+++ Records provided

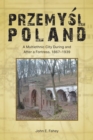 Image for Przemysl, Poland  : a multiethnic city during and after a fortress, 1867-1939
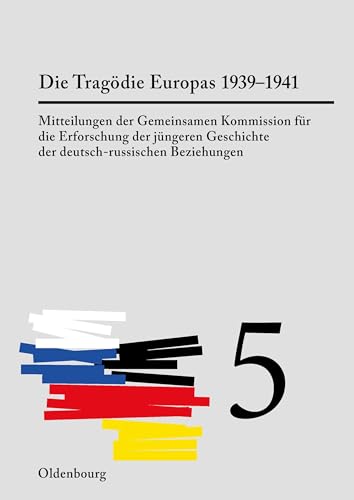 Die Tragödie Europas: Von der Krise des Jahres 1939 bis zum Angriff des nationalsozialistischen Deutschland auf die Sowjetunion (Mitteilungen der ... der deutsch-russischen Beziehungen) von De Gruyter Oldenbourg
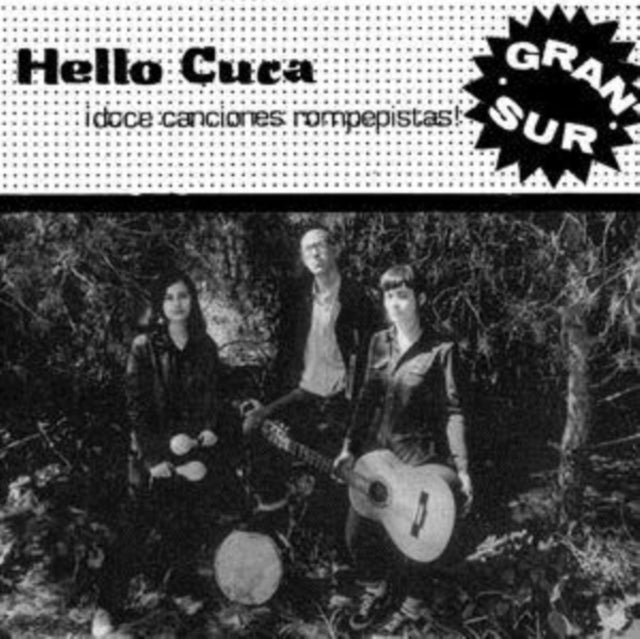 Hello Cuca - Gran Sur (Vinyl)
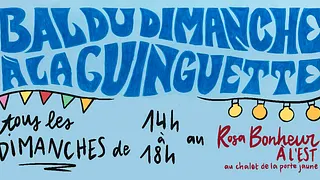 Le Bal du Dimanche à la Guinguette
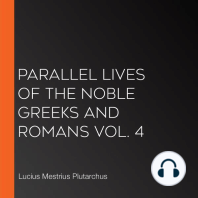 Parallel Lives of the Noble Greeks and Romans Vol. 4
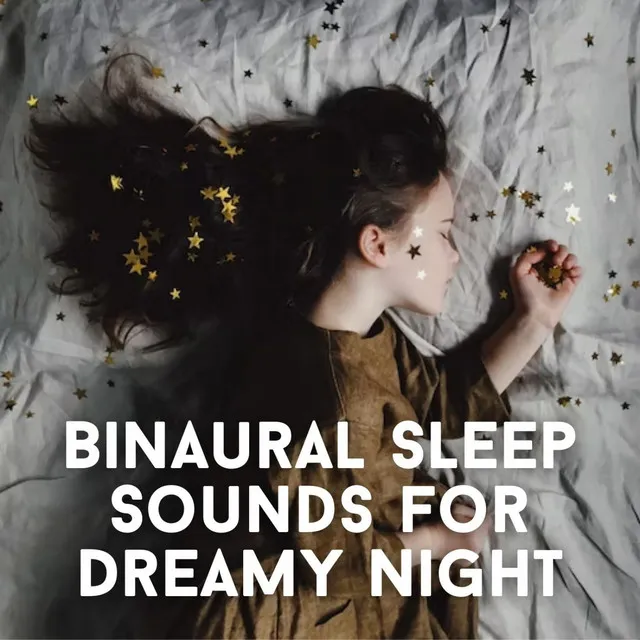 Binaural Sleep Sounds for Dreamy Night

++++++

- **Exercise requirements**
The answer must be the lines above, word for word, from the first one through the line with "Parallel Lives of", pictures excluded.

- **Task result**
 Image for Przemysl, Poland  : a multiethnic city during and after a fortress, 1867-1939
 Die Tragödie Europas: Von der Krise des Jahres 1939 bis zum Angriff des nationalsozialistischen Deutschland auf die Sowjetunion (Mitteilungen der ... der deutsch-russischen Beziehungen) von De Gruyter Oldenbourg
 Hello Cuca - Gran Sur (Vinyl)
 Le Bal du Dimanche à la Guinguette
 Parallel Lives of the Noble Greeks and Romans Vol. 4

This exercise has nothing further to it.